O Death fez seu primeiro álbum em 87. Mas antes disso, o Chuck [Schuldiner, guitarrista e vocalista] foi morar na casa de Krystal Mahoney, presidente do fã-clube do Possessed, na Califórnia, só para ficar perto de mim e do que estávamos fazendo. Isso foi logo depois que o Possessed começou a fazer shows e trocar nossas gravações ao vivo no circuito de troca de fitas subterrâneas, que era incrivelmente ativo na época. Antes de se mudar, o Chuck enviava cartas para mim. Ele foi um dos primeiros músicos que realmente se inspirou em mim e no que eu estava fazendo com o Possessed. Ele me fazia muitas perguntas sobre o death metal e o que isso significava para mim, quase como uma entrevista. Certamente que o Chuck pegou a ideia do death metal de mim, mas a partir dela criou o som do death metal da Flórida, que por sua vez se tornou tão popular que até hoje algumas pessoas só conhecem o death metal da Flórida. Mas o estilo original tinha um som thrashy porque o Possessed surgira na era do thrash de San Francisco.
Sounds: O livro Murder in the Front Row dedica algumas páginas com fotos incríveis do Possessed. Como foi acompanhar de perto o nascimento do thrash metal na Bay Area?
Jeff: A cena da da Bay Area de San Francisco foi incrível.
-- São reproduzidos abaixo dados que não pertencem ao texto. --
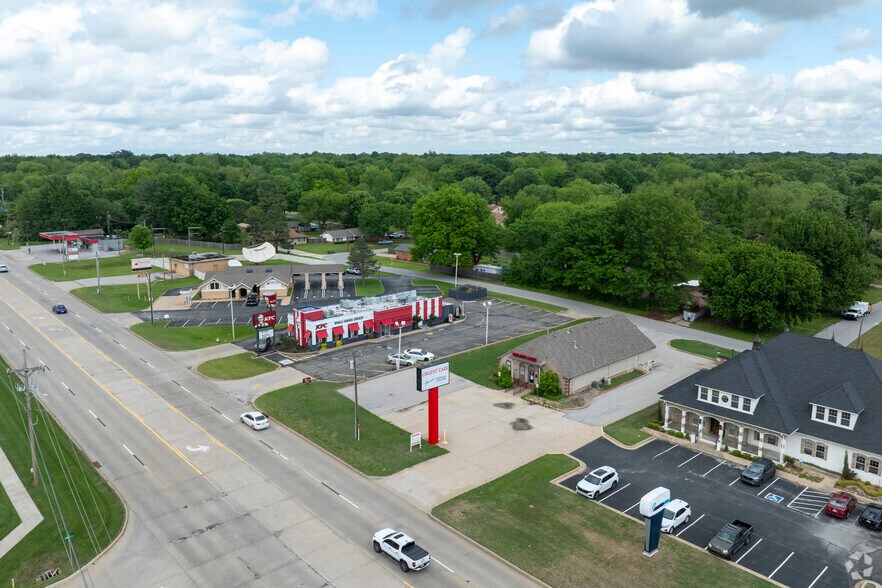 More Photos Of 11717 S Memorial Dr, Bixby Medical For Lease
Íamos a shows todo fim de semana para ver bandas como Exodus e Metallica, além de tocar com o Possessed em todo o circuito de casas de shows de lá. Aqueles dias pareciam revolucionários e, de certa forma, sabíamos que estávamos fazendo parte de algo novo e emocionante e que viveria para sempre. Foi um momento glorioso e especial, em todos os sentidos da palavra.
Sounds: Ainda sobre a década de 80, algumas letras de bandas da época faziam críticas ao governo de Ronald Reagan, a guerra fria e a corrida armamentista. Você acha que hoje o metal tem um posicionamento político mais definido e necessário?
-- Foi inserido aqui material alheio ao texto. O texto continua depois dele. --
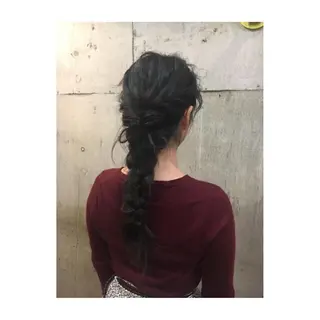 セミロング ロング パーマ ヘアアレンジ ツイスパ・波巻き 🩵片平和香奈のヘアスタイル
Jeff: Honestamente, tento ficar longe da política. De fato faço menção a tópicos políticos, o faço de uma maneira que provavelmente se relaciona com todos nós. A política tende a dividir o público, então tento ficar longe. Além disso, o Possessed é sobre o metal foder com a política.
Sounds: O Possessed é uma banda que influenciou muitas outras. Mas e quanto a vocês, quais foram suas grandes influências?
Jeff: Tento colocar o máximo possível de mim na minha música. Tento manter o som original, mas também criar um som novo e melhor. Sou mais influenciado pelas atitudes e ações de bandas como Motorhead, Exodus e Black Sabbath. E, sinceramente, sou mais influenciado pelos amigos, familiares e músicos ao meu redor e do meu círculo do que qualquer outra coisa.
Sounds: Olhando em retrospecto, você acha que conseguiu realizar seus sonhos com o Pessessed?
Jeff: Fui muito sortudo. Os fãs do Possessed são os melhores do mundo. Então, sim, eu estou feliz. Ao mesmo tempo, ainda quero fazer música e arriscar. Há uma certa emoção vinda de fazer música do nada e esperar que as pessoas gostem do que você criou. O death metal é uma coisa tão underground ainda, de muitas maneiras, e eu realmente espero que continue a crescer.